UPHAM, Charles Hazlitt
Winner, Victoria Cross and Bar.
A new biography of Upham, Charles Hazlitt appears in the Dictionary of New Zealand Biography on this site.
Charles Hazlitt Upham is the son of John Hazlitt Upham, barrister and solicitor, and Agatha Mary Upham, and was born at Christchurch on 21 September 1908. He married Mary Eileen, daughter of James McTamney, on 20 June 1945 and has three daughters. Upham was educated at Waihi Preparatory School, Winchester, South Canterbury, at Christ's College, Christchurch, and at Lincoln College, Canterbury. He holds a Diploma of Agriculture and is a Fellow of the New Zealand Institute of Valuers.
A high-country musterer and shepherd, Upham later joined the Valuation Department. On the outbreak of the Second World War he enlisted in the 2nd NZEF on 18 September 1939. He sailed with the First Echelon with the rank of sergeant, being promoted to Second Lieutenant on 2 November 1940; was promoted Lieutenant on 2 November 1941 and Captain on 8 May 1942. He was a prisoner of war from 1942 to 1945. After the war he became a sheep farmer at “Lansdowne”, Conway Flat, Hundalee, North Canterbury, and is a member of the Parnassus Rabbit Board and Conway Flat School Committee.
Upham was awarded the Victoria Cross for sustained gallantry, skill and leadership on Crete between 22 and 30 May 1941. At Maleme he was responsible for the destruction of four enemy machine-gun nests and brought out a wounded man under heavy fire. He then penetrated 600 yards into enemy-held territory and led out an isolated company. He was wounded three times in the next two days but remained in action. At Galatos, on 25 May, he led his platoon forward as the Germans advanced, killing 40 and forcing them to retire. When his platoon was ordered to retire he went back to warn other troops that they were in danger of being cut off. At Sphakia, on 30 May, he repulsed an enemy party advancing on Force HQ, 22 being killed before the remainder fled in panic.
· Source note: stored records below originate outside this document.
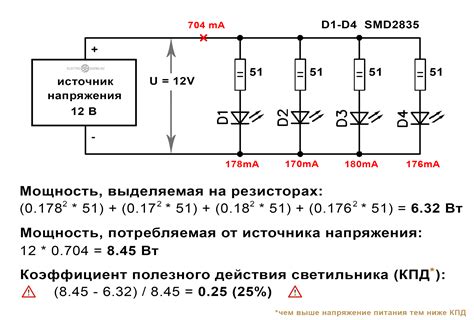 Схемы подключения диодов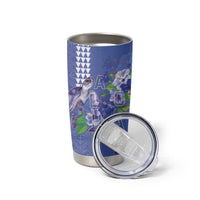 Hawaii Aloha Turtle Hibiscus and Leaves Tumbler Cup with Polynesian and Kakau Tattoos Denim Color - Polynesian Pride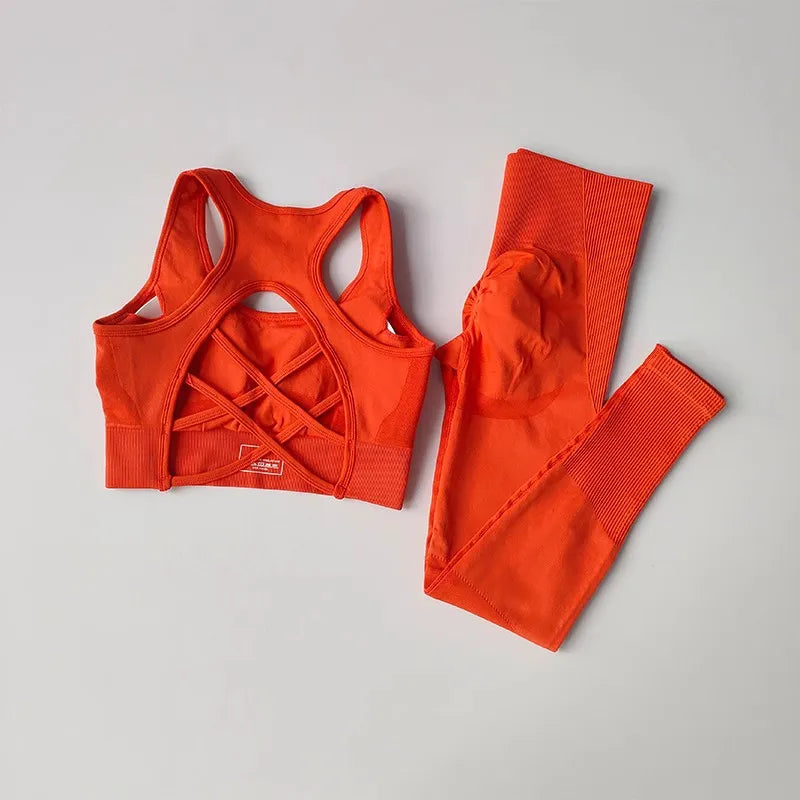 Women's tracksuit Fitness Yoga Sets Sportswear Workout Sports Bra+High Waist Leggings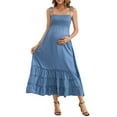 thumbnail image 1 of Sleeveless Maternity Dress Women's Summer Spaghetti Strap Smocked Tiered Flowy Maxi Dress, 1 of 5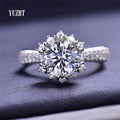 Solid Silver 925 Original Brilliant Cut 2 ct Diamond Test Past D Color Moissanite Snow&Ice Romantic Wedding Ring Fine Jewelry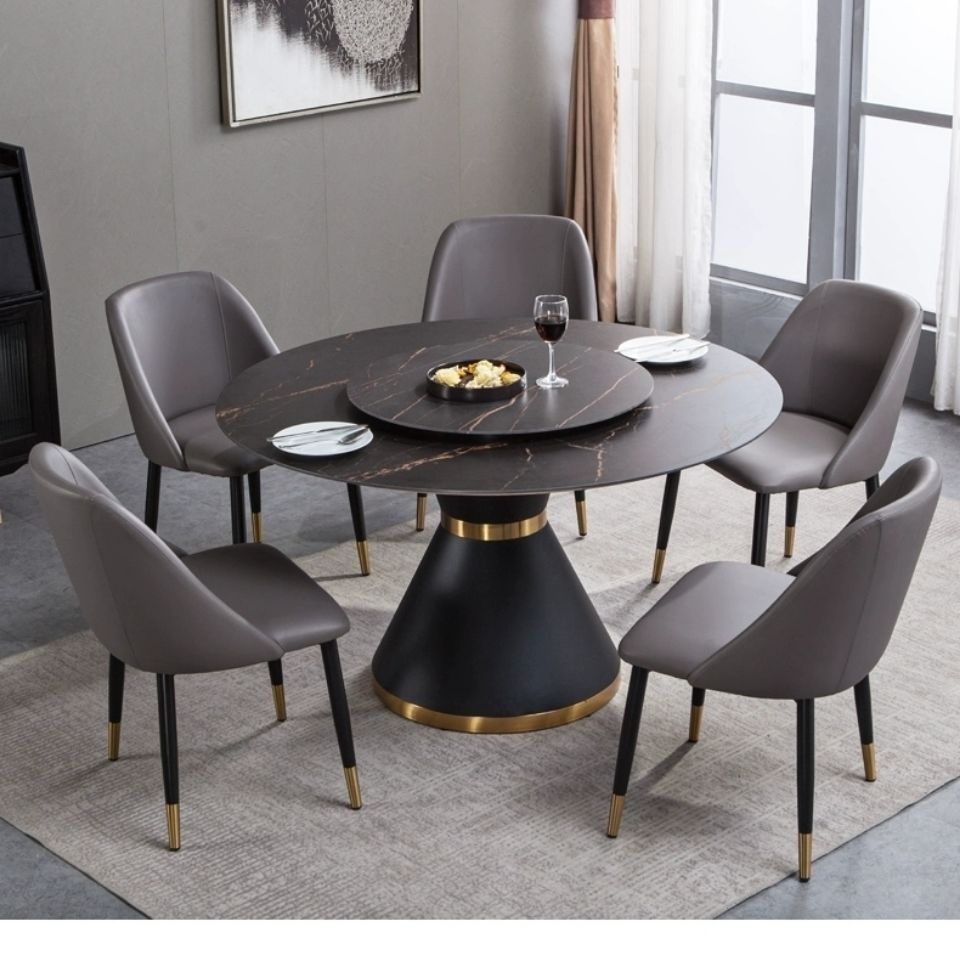 意大利进口岩板餐桌圆形简约轻奢大理石餐台6人圆桌家用吃饭桌台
Upham was awarded a Bar to the Victoria Cross for outstanding gallantry and magnificent leadership as a company commander in the attack on Ruweisat Ridge on 14–15 July 1942. He destroyed an entire truckload of German soldiers with hand grenades and, although twice wounded, led his men in the final assault. Held up by machine-gun posts and tanks he led his company forward to gain their objective, personally destroying a German tank, as well as several guns and vehicles with grenades. Though hit in the elbow with a bullet, with his arm broken, and weak from pain and loss of blood, he consolidated his newly won position before having his wound dressed. Returning to his men he remained with them throughout the day under heavy artillery and mortar fire. He was again severely wounded and completely immobilised. His gallant company, by then reduced to only six survivors, was over-run and all were taken prisoners.
A quiet, modest man, Upham shunned publicity. When the people of Canterbury raised a fund to purchase him a farm he politely but firmly refused to accept the money. In 1949 the Charles Hazlitt Upham Scholarship, tenable by sons of ex-servicemen at the University of Canterbury or the Canterbury Agricultural College, Lincoln, was established from the money raised.
London Gazette, 14 Oct 1941, 26 Sep 1945.